*** The records ***
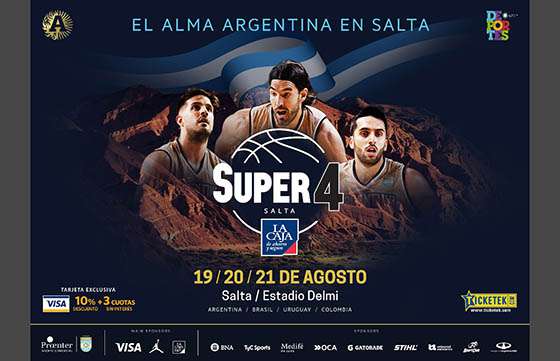 Las mejores selecciones de Sudamérica juegan hasta mañana el Súper 4 de Básquet en Salta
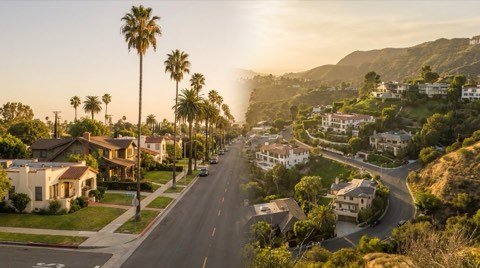 Hollywood flatland bungalow street opening to hillside homes above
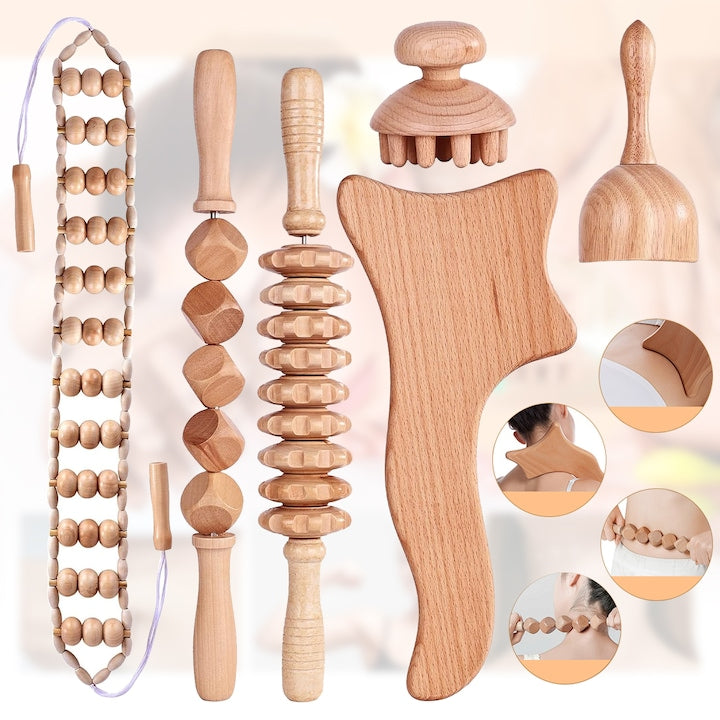 6-Piece Beech Wood Massage Set for Body Shaping, Muscle Relaxation, and Cellulite Removal - Brown Wood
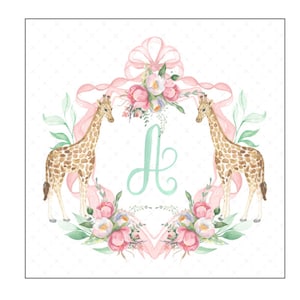 CUSTOM CREST, Watercolor Crest, Baby Pink Crest, Nursery Crest, Shower Crest, Mockingbird Florals, Personalized Crest, Monogrammed Crest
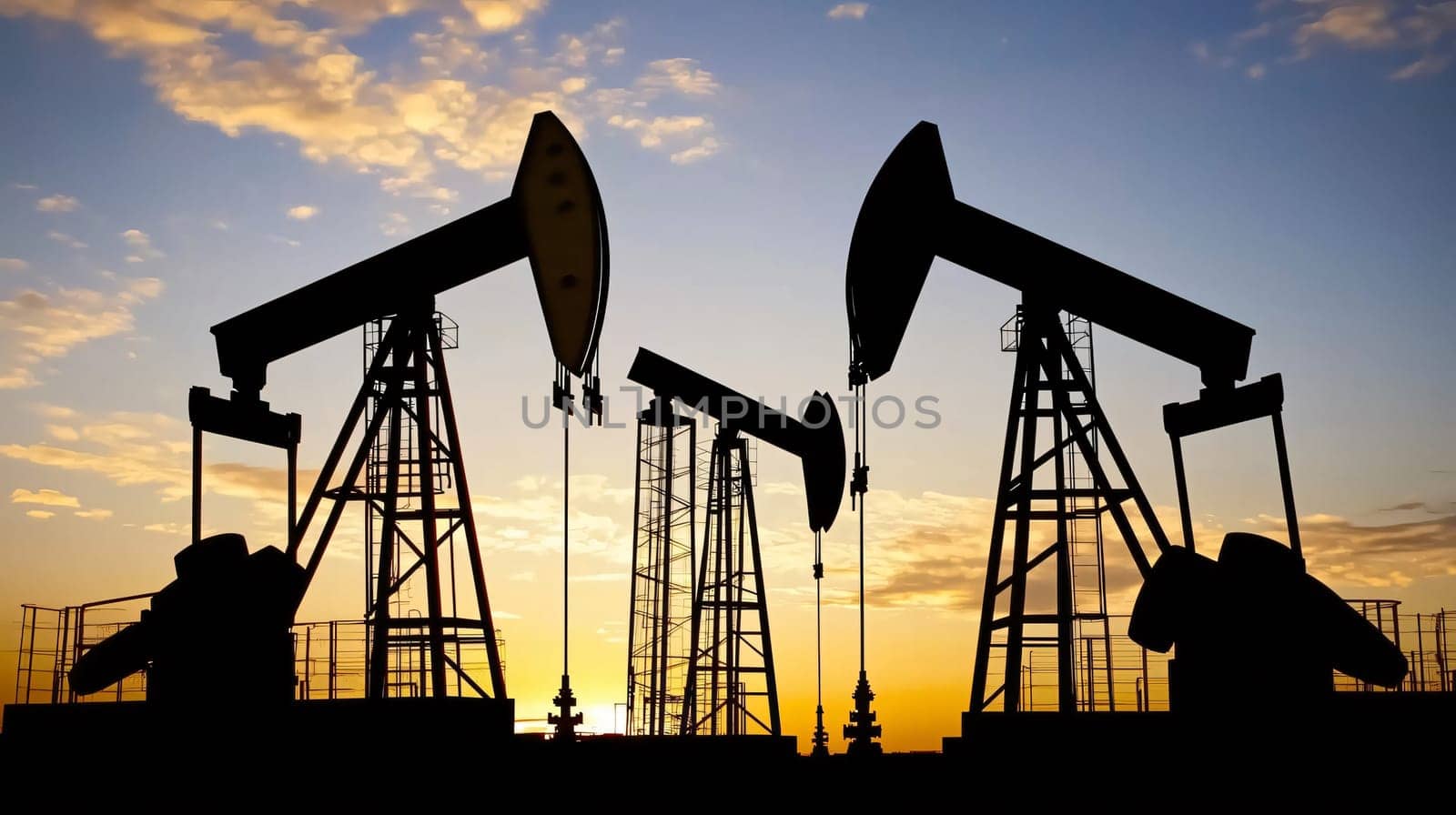 Oil derricks pumping crude oil out of the ground at sunset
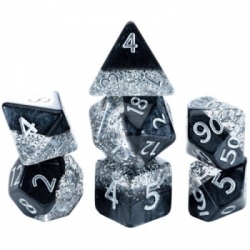Halfsies Dice - Glitter Edition - Black (7 Dice Set)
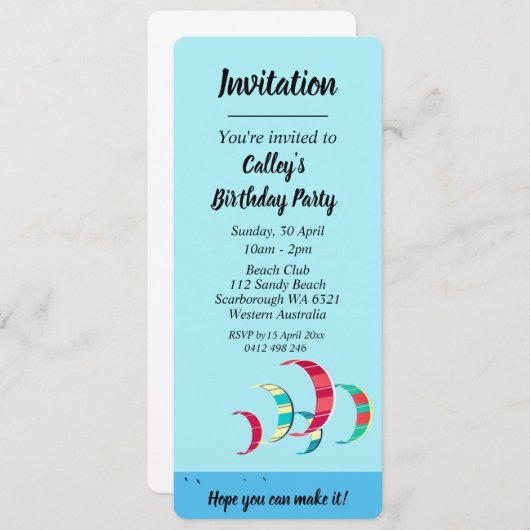 Invitation Kite Surf (Devant / Derrière)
***
Transcribe exactly, and only, the lines from the one with "6-Piece Beech Wood" through the final line of the data above. The pictures stay out.

== Output ==
 6-Piece Beech Wood Massage Set for Body Shaping, Muscle Relaxation, and Cellulite Removal - Brown Wood
 CUSTOM CREST, Watercolor Crest, Baby Pink Crest, Nursery Crest, Shower Crest, Mockingbird Florals, Personalized Crest, Monogrammed Crest
 Oil derricks pumping crude oil out of the ground at sunset
Halfsies Dice - Glitter Edition - Black (7 Dice Set)
 Invitation Kite Surf (Devant / Derrière)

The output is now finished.